The Daily Pennsylvanian has a nice little feature on how Penn students in comedy groups are reacting to the Charlie Hebdo massacre. The wrong way, pretty much:
“There are certain ways you can talk about certain groups,” said Rosa Escandon, College senior and head writer for Bloomers — an all-female comedy group on campus. “I like to think that all jokes are okay as long as it’s making the joke about society rather than about the victim of society.”
“Victim of society”? What does that even mean?
In theory, anything you want it to mean.
It would seem to apply to the oppressed religious and ethnic minorities who lashed out at a sneering society by shooting up a cartoon office, as well as the stereotypical villains in the dorm.
Accused students under the thumb of campus sexual-assault tribunals that deny them due process easily qualify as “victims of society” – yet barbs directed at alleged rapists are all the rage (in particular a certain former Jell-O spokesman).
The most recent episode of The Mindy Project mines the “nerd virgin” stereotype for big laughs, even though we know from personal stories told by MIT professor Scott Aaronson and others that the perceived judgment of society drove these awkward loners into pits of despair. (It’s a hilarious episode.)
Even victims that we could all agree on – let’s say orphans – are frequently the butt of jokes. Remember the recurring orphans on The Simpsons and that ghastly bronchial wheeze? It’s funny because, as a University of Colorado humor researcher would say, it’s a “benign violation.”

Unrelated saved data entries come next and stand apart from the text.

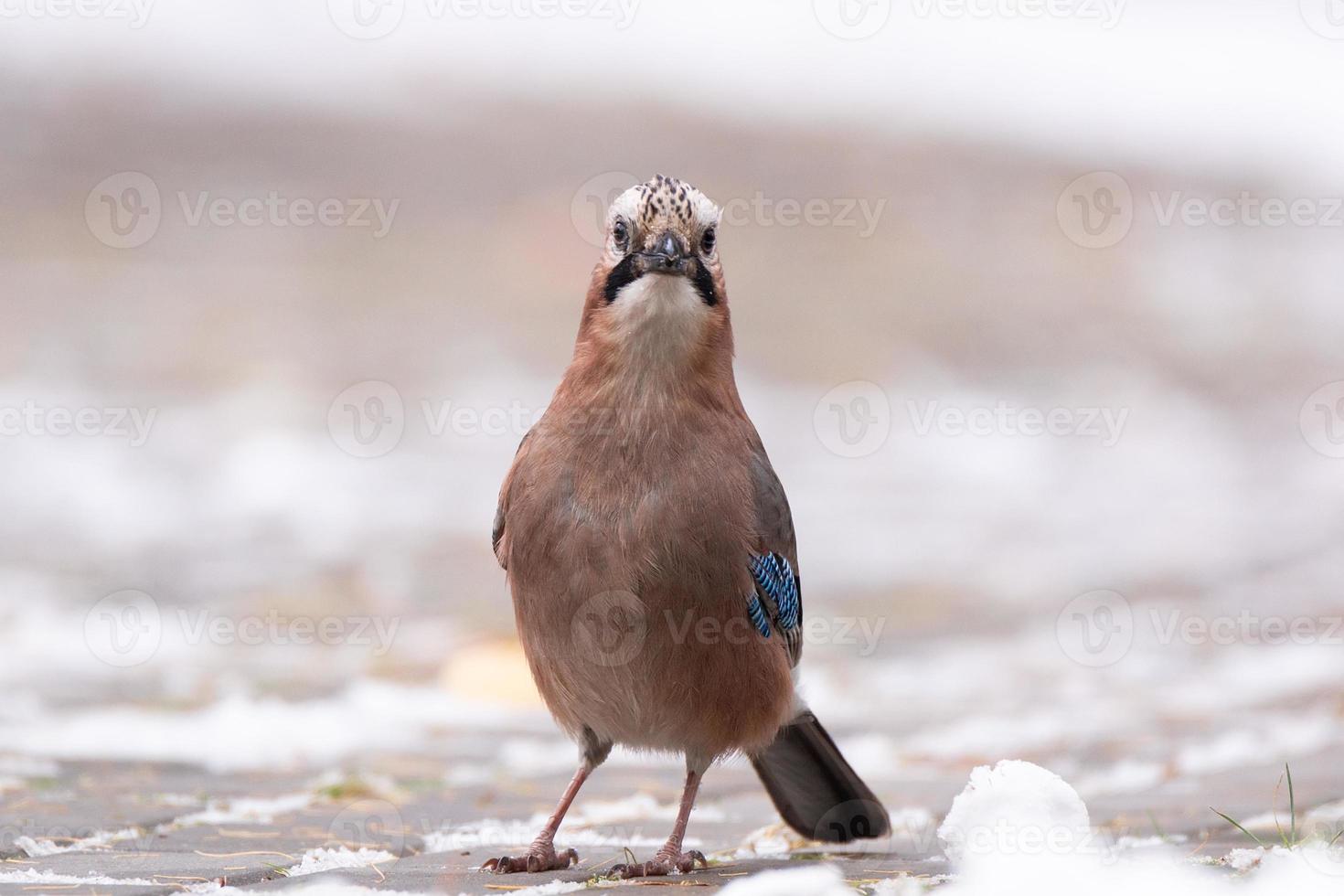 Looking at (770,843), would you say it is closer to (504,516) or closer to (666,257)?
(504,516)

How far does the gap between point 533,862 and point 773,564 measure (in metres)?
1.14

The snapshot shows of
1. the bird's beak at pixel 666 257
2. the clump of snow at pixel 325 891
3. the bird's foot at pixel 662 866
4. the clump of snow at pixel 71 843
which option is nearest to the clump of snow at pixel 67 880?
the clump of snow at pixel 325 891

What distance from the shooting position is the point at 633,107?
16.7 m

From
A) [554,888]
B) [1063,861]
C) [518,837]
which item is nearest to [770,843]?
[518,837]

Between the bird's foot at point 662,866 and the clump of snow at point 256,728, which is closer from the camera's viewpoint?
the bird's foot at point 662,866

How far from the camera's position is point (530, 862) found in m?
4.59

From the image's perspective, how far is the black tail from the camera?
5.32 m

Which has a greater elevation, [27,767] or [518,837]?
[27,767]

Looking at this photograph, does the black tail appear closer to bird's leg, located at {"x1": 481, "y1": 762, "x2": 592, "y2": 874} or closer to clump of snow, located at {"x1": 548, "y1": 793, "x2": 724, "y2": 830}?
clump of snow, located at {"x1": 548, "y1": 793, "x2": 724, "y2": 830}

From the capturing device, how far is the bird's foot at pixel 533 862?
4.57 m

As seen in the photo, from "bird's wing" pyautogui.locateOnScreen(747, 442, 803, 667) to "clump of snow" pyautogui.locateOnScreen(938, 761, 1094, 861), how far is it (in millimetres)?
933

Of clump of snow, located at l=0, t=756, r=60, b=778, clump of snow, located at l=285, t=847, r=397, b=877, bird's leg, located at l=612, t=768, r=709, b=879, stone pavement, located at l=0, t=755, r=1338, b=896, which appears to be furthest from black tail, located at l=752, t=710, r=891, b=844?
clump of snow, located at l=0, t=756, r=60, b=778

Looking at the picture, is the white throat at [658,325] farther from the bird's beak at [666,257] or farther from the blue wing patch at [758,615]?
the blue wing patch at [758,615]

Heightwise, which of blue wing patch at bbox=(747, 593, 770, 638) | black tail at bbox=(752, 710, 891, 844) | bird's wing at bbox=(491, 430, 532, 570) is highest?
bird's wing at bbox=(491, 430, 532, 570) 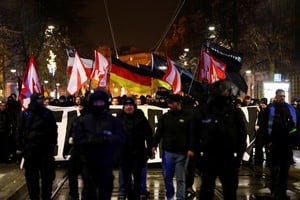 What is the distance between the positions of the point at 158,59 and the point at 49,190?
739 centimetres

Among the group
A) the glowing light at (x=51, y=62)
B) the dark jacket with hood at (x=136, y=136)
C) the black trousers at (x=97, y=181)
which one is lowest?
the black trousers at (x=97, y=181)

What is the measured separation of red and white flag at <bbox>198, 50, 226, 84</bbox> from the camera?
15.0 meters

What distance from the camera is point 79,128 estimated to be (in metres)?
7.09

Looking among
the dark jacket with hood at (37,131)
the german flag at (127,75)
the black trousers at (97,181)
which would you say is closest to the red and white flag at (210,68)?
the german flag at (127,75)

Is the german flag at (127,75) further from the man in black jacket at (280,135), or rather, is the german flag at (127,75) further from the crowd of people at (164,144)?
the man in black jacket at (280,135)

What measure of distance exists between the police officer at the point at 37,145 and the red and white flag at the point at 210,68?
254 inches

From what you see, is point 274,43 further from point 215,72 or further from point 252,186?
point 252,186

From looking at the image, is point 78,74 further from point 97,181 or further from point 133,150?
point 97,181

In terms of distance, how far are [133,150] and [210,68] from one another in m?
5.96

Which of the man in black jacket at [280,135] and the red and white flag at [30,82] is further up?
the red and white flag at [30,82]

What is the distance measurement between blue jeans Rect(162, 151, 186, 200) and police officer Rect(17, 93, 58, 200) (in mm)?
1910

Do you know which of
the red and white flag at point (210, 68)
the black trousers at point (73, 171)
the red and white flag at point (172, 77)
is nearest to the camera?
the black trousers at point (73, 171)

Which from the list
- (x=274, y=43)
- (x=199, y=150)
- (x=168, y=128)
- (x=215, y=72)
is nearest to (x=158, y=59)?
(x=215, y=72)

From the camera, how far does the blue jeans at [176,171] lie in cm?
934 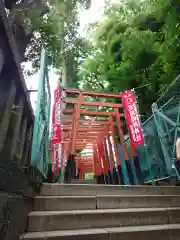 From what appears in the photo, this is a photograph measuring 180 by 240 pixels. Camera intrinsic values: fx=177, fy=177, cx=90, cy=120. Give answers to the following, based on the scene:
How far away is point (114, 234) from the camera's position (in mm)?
2406

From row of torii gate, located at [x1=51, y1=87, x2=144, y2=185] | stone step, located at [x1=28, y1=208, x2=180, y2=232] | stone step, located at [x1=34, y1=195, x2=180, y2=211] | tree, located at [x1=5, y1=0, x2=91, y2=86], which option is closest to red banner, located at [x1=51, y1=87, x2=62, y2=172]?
row of torii gate, located at [x1=51, y1=87, x2=144, y2=185]

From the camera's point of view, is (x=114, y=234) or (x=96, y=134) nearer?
(x=114, y=234)

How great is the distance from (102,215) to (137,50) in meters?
9.72

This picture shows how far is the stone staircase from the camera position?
7.98 feet

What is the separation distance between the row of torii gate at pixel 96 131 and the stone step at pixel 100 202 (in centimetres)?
319

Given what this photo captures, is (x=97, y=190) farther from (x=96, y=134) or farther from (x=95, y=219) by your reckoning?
(x=96, y=134)

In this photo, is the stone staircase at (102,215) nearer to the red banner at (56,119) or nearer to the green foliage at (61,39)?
the red banner at (56,119)

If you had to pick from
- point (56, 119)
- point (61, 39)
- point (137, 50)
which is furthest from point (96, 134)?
point (61, 39)

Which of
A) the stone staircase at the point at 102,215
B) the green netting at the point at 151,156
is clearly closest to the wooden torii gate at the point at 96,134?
the green netting at the point at 151,156

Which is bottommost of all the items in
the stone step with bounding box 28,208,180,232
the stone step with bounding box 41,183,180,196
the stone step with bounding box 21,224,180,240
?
the stone step with bounding box 21,224,180,240

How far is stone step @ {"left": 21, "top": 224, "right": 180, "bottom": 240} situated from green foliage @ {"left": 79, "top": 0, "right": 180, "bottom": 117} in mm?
7846

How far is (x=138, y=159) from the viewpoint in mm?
7074

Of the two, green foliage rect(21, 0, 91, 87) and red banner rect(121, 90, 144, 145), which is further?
green foliage rect(21, 0, 91, 87)

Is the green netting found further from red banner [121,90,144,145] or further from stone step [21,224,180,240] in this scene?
stone step [21,224,180,240] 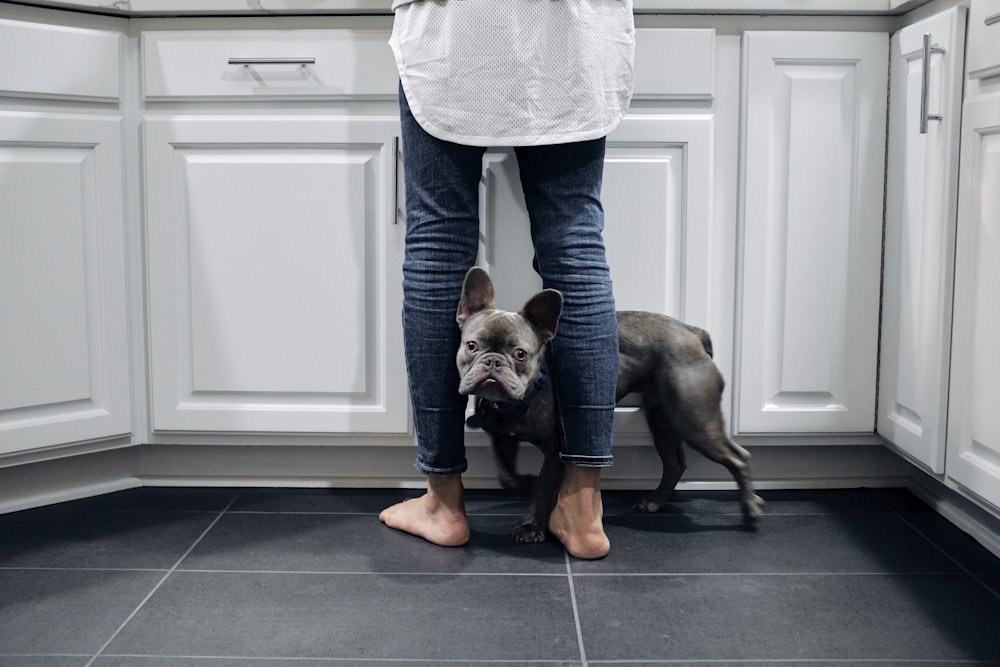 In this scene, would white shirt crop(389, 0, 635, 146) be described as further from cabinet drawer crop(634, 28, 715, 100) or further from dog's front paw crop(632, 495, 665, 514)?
dog's front paw crop(632, 495, 665, 514)

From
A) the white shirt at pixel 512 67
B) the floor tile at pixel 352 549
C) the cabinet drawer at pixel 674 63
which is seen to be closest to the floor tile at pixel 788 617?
the floor tile at pixel 352 549

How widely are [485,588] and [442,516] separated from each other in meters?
0.22

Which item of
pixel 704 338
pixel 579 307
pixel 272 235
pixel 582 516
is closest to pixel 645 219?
pixel 704 338

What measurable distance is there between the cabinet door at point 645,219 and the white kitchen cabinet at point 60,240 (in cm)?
69

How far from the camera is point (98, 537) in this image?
165 cm

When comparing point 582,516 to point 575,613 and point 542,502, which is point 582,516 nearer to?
point 542,502

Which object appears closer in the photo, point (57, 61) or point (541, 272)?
point (541, 272)

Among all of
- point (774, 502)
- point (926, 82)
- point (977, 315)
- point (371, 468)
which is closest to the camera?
point (977, 315)

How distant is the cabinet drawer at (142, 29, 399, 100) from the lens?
5.82ft

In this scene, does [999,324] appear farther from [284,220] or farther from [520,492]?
[284,220]

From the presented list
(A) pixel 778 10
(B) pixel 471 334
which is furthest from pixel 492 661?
→ (A) pixel 778 10

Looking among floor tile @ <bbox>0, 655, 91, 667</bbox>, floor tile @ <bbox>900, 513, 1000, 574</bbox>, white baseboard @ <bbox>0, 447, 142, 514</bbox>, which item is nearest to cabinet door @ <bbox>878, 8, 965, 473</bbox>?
floor tile @ <bbox>900, 513, 1000, 574</bbox>

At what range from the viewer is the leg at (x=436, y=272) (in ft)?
4.97

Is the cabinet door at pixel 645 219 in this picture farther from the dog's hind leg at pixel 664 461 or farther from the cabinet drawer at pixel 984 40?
the cabinet drawer at pixel 984 40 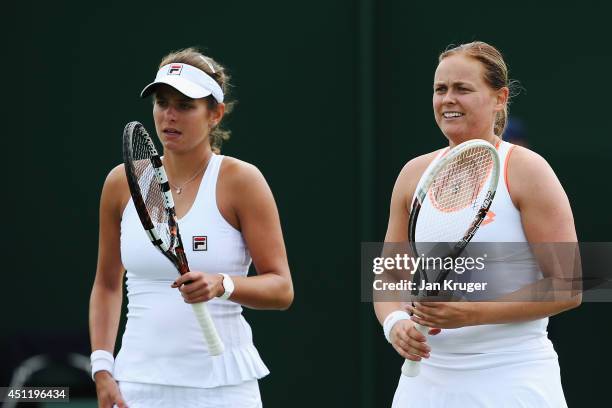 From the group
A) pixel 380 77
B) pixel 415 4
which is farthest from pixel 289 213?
pixel 415 4

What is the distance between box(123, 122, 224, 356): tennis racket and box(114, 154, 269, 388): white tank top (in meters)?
0.06

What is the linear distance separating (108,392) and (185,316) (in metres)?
0.30

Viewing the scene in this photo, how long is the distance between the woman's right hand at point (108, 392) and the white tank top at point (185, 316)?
4cm

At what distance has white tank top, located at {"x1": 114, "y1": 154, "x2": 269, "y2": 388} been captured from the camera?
2.82 m

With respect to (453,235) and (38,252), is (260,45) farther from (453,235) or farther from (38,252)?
(453,235)

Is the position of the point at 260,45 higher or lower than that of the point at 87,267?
higher

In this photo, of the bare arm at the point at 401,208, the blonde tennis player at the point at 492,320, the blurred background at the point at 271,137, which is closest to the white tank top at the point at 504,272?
the blonde tennis player at the point at 492,320

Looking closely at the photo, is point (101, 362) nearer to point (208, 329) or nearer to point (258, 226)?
point (208, 329)

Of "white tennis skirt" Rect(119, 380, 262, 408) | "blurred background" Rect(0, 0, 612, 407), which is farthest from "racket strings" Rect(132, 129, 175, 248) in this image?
"blurred background" Rect(0, 0, 612, 407)

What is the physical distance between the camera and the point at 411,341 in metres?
2.56

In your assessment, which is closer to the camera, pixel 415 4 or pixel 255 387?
pixel 255 387

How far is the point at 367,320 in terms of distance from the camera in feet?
15.8

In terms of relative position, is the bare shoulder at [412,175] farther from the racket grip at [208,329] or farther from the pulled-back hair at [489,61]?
the racket grip at [208,329]

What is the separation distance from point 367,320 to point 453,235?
2.18 m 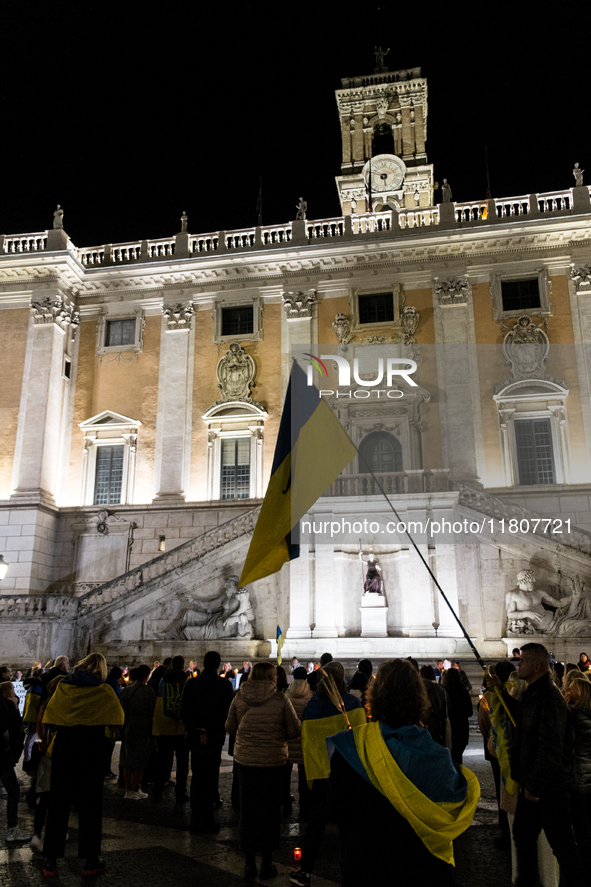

And if victims are off-limits, it’s not a stretch to say that putting their oppressors in a humorous light only diminishes their evil, as Escandon herself found out:
In terms of religion, though, the group admits that it is often difficult to preserve the comedic value of their material without offending someone. Escandon — a 34th Street Lowbrow editor — admits that she has even had small generational disputes with her mother after telling her that Bloomers had performed a skit called “Imperialists Anonymous.”
“My mother heard the words ‘there was someone playing Hitler,’” Escandon said, laughing, “and she was like ‘Oh my God, Rosa, that is not okay.’”
Rather than saying “you can’t joke about X,” Bloomers would do well to consider that humor is an inherently community activity that creates an “us” and a “them,” not a victim and an oppressor.
In his book The Morality of Laughter, F.H. Buckley argues that humor only works if there’s a “social tie” between the wit and the audience, “a solidarity with the jester in laughing at the butt,” in the words of one reviewer:
The laughter is judgmental. The jester has proclaimed his superiority over the butt, and the listener who laughs agrees. “There is no laughter without a butt, and no butt without a message about a risible inferiority.”
The good news is Bloomers doesn’t seem to taking its head writer’s philosophy too seriously, because this sketch is funny enough to get the writers fired from the Michigan Daily. “Hey, I’m diggin’ that tattoo of gender.”